Components: TGs> cholesterol or phosphopholipids.
Function: precursor of LDL.
Apolipoproteins: Apo-B-100 > Apo-E.
Can enter the liver or can be metabolized by the action of LPL to LDL,
TGs, fatty acids and glycerol.
4. LDL
Source: IDL.
Function: transports cholesterol into hepatic and other tissues via LDL-
receptors.
Primary component: ~60% cholesterol >> phospholipids, proteins, and
TGs.
Apolipoprotein: Apo B-100. Mediates removal of LDL through Apo B
receptors found on nearly all cells.
The liver contains 70% of the body’s LDL receptors and is the main
target of interventions designed to lower plasma cholesterol.
Elevated LDL levels are associated with atherosclerotic lesions and
risk of CHD. Half-life of plasma LDL is controlled by LDL receptors.
5. HDL
Source: Released as disc-like (nascent) particles from the liver and
intestine.

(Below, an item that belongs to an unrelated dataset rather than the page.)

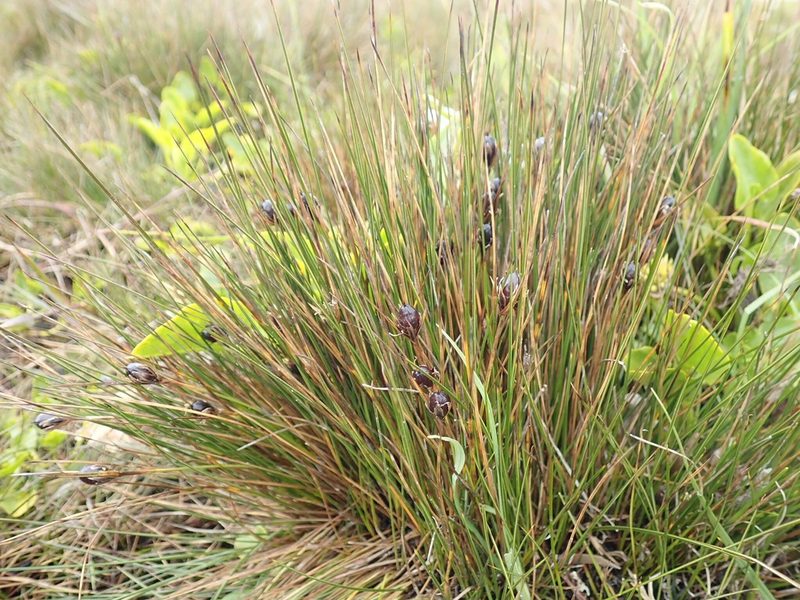 Rostkovia magellanica, photographed by John Brew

Secretion is dependent on the synthesis of Apo A-I.
Primary function: Shuttles cholesterol from the peripheral tissues back
to the liver in “reverse cholesterol transport.”
Nascent HDL discs absorb cholesterol esters (LCAT-mediated) and
form spherical particles.
Components: Approx. 50% protein >phospholipids >cholesterol >TGs
Apolipoproteins: the Apo-A’s; Apo-E.
6. Lipoprotein (a), Lp(a)
Synthesized in the liver. Structure is similar to LDL.
Apolipoproteins: Apo(a) and Apo B-100.
Apo(a) structure has >75% homology to plasminogen, an important
factor in blood clotting. Apo(a) may compete with plasminogen for
binding sites thereby hindering clot lysis and increasing the risk of
myocardial infarction.
Independent risk factor for CHD.
(from Ref. 6)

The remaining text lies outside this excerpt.